Comeback is becoming the catchphrase for the 3-3 Broncos this season, as even in their defeats the Broncos have turned large deficits into competitive games late.
The engineer of these late-game heroics has been none other than quarterback Peyton Manning, and as Bronco cornerback Champ Bailey recently told Mark Kiszla of The Denver Post, the Denver defense knows that if it holds up its end of the deal no deficit is insurmountable with Manning at the helm.
"In this quarterback, we know what we have on our side. All we have to do as a defense is take care of business...If you put a defense that can create turnovers with Peyton Manning, it's definitely a good combination. The sky's the limit."
Granted, much as been made of the 36-year-old's arm strength (or lack thereof), with sportswriters such as Jason Whitlock of FOX Sports breaking out the shovels to throw dirt on Manning's ability to be an effective quarterback.
Peyton Manning wishes he had Chad Pennington's arm strength. Manning is toast.
—Jason Whitlock (@WhitlockJason) September 18, 2012
However, the stats would seem to indicate that Whitlock and Manning's other critics are way off base.
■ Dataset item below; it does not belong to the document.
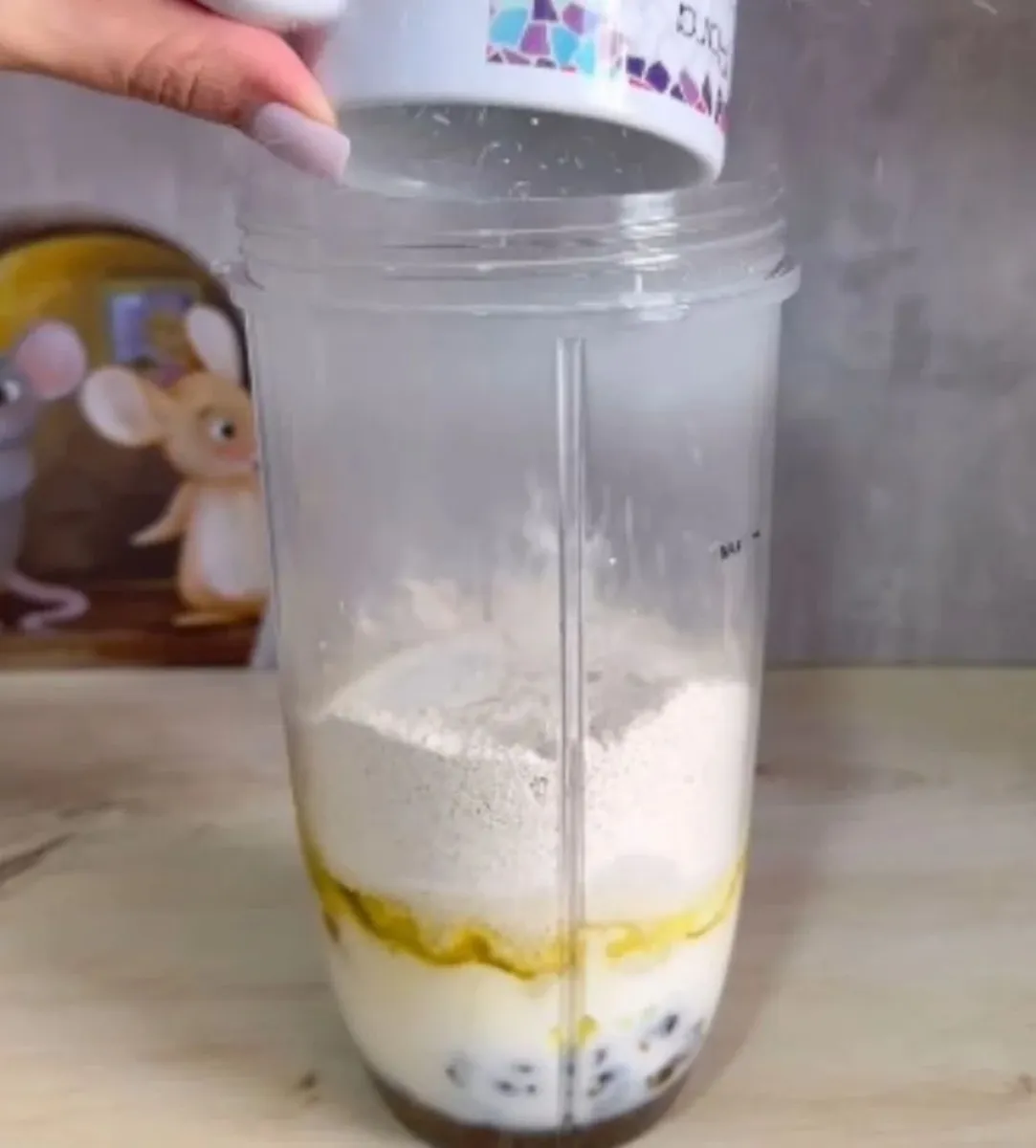 receta- magdalenas de avena y pasas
The four-time NFL MVP is second in the NFL in passing yards, averaging over 300 yards a game. His yards per attempt (a number that can easily expose weak-armed signal callers) is tied for fourth in the league, ahead of the likes of Tom Brady of the New England Patriots and Drew Brees of the New Orleans Saints.
Maybe they're toast too.
Additionally, Manning has taken excellent care of the football, throwing only four interceptions (three of which came in one quarter against the Atlanta Falcons) against 14 touchdowns (tied for 2nd in the NFL) while posting a quarterback rating of 105.0 that trails only Aaron Rodgers of the Green Bay Packers.
Now I can totally see where Whitlock was coming from. Those numbers are awful.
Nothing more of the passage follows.